Srinivasan Parthasarathy, chief actuary, HDFC Life, says annuity plans are suitable for individuals closer to retirement age or already retired. “These plans can act as a safeguard against market volatilities and falling interest rates. One starts receiving regular payments right after purchasing the product which ensures steady and regular income with locked-in annuity rates for the rest of their life,” he says.

Bikash Chaudhary, appointed actuary and chief risk officer, Future Generali India Life Insurance, says the product will help customers achieve financial independence during their retirement years without any worry of change in interest rates in the future. “Such a simple product will make it easier for the customers to make an informed choice,” he says.

Product pricing

The pricing of the product is left to the insurers. The annuity rates will have to be derived based on actuarial principles. The minimum annuity amount will be Rs 1,000 per month, Rs 3,000 per quarter, Rs 6,000 per half year and Rs 12,000 per annum. There is no maximum limit for the annuity and insurers can pay higher annuity rates for large purchase prices. Insurers also pay a higher rate if the policy is purchased online. The policyholder will have to pay tax at his marginal rate on the annuity amount received.

Insurers will have to derive band-wise annuity rates – Band 1: less than Rs 2 lakh; Band 2: Rs 2-5 lakh; Band 3: Rs 5-10 lakh; Band 4: Rs 10-25 lakh; and Band 5: above Rs 25 lakh. In case of joint life annuity, life insurance companies will calculate annuity rates based on actual age difference between the principal annuitant and his or her spouse.

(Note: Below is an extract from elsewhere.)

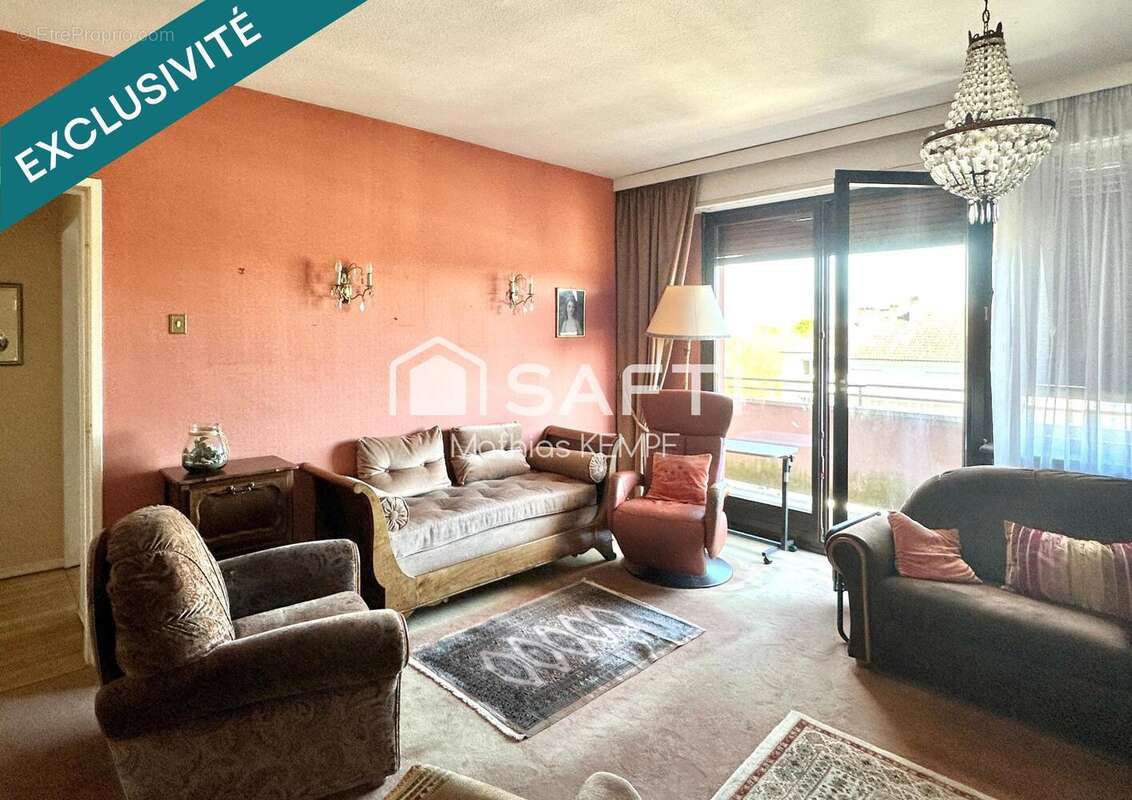 Photo 7 - Appartement à STRASBOURG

A policyholder can take a loan against the policy, subject to the condition that the maximum amount of loan will be such that the effective annual interest amount payable on loan does not exceed 50% of the annual annuity amount payable under the policy. Insurers will recover the loan interest from the annuity amount payable under the policy and will accrue as per the frequency of annuity payment under the policy. The loan outstanding shall be recovered from the claim proceeds under the policy. However, the annuitant has the flexibility to repay the loan principal at any time during the period of the annuity payments.